Kyle: That’s a great question. I think it’s really interesting that a lot of guys, like Noah Rubin, for instance, has just decided to make the switch over full time and feels like he’s found his home. Being a former tennis player myself who’s not gifted with the gift of height, I totally hear what he’s saying. It really takes height out of it. Then again, I recently saw an interview with Sam Querrey suggesting that he would probably be the best pickleball player in the world if he decided to pick up a paddle given his height and his, obviously, knowledge and skill of tennis, saying that he hasn’t seen someone in the top fifty of tennis get into pickleball yet. I think it has a long way to go. I think we’re at the really beginning stages. I saw LeBron just bought a team.

Jason: The thing that I was wondering about just from a business standpoint is that — pickleball has this really cool thing for a sport right now. It has this genuine, organic excitement. People are playing it. You go to almost any community now, and there’s a little bit of a pickleball scene happening. You haven’t seen that in tennis since the seventies, really. Your neighbors are playing pickleball. It has this advantage, of course. You don’t have to run as much. You can learn it in an afternoon. I get why people are excited about it. I almost worry that if they over-professionalize it and they focus too much on the celebrity aspect of it, they’re going to sort of squash the thing that is really great. The other part of it, Kyle, that I’m curious about is, are people going to want to watch it? I like to play it, but do I want to watch two hours of people playing pickleball? Is it that appealing? I don’t know.

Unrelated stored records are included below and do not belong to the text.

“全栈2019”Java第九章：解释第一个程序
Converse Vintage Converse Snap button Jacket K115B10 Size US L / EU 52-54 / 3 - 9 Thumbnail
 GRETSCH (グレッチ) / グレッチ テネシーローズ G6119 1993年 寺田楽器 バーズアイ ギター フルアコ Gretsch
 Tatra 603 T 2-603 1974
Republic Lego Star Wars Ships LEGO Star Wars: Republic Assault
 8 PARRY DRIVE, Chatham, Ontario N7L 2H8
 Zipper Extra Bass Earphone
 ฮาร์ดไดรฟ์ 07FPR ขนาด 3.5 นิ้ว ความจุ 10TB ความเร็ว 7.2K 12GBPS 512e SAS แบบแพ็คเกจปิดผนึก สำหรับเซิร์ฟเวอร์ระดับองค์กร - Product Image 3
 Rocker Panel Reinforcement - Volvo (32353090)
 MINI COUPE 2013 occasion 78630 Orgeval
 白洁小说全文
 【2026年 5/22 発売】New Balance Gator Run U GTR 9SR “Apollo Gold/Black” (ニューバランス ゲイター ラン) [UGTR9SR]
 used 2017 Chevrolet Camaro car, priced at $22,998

Kyle: I feel like I would watch it if there was a match right now between Sam Querrey and Noah Rubin, for instance. I would watch that. It plays often, actually, nowadays on Tennis Channel, which I find interesting. No, I don’t really watch it, mainly because I don’t like the way it sounds.

Jason: You know what? There’s a billion-dollar business out there for someone who invents the first silent pickleball racquet.

Kyle: It’s like a wiffle ball sort of sound. I just absolutely love, love, love the sound of a tennis ball and a tennis racquet.

Jason: It’s much more aesthetically appealing. I endorse anything that gets people moving, so that’s great. It is a funny scene, for sure.

Kyle: I would love to try it out. We should do it someday.

Zibby: It’s almost like everybody started playing Kadima. Do you remember Kadima?

Jason: Sure.

Zibby: Everyone’s like, do you play Kadima? You just do it on the beach. Now it’s becoming so official.

Jason: Zibby, thanks for coming on Kyle and my pickleball podcast.

Zibby: I know. I’m like, this is great. Thank you. My job here is easy. This is great. I’m going to include all this so that everybody can hear about pickle.

Kyle: I would hope so. There’s a lot of pickleball fans out there. They want to know the scoop.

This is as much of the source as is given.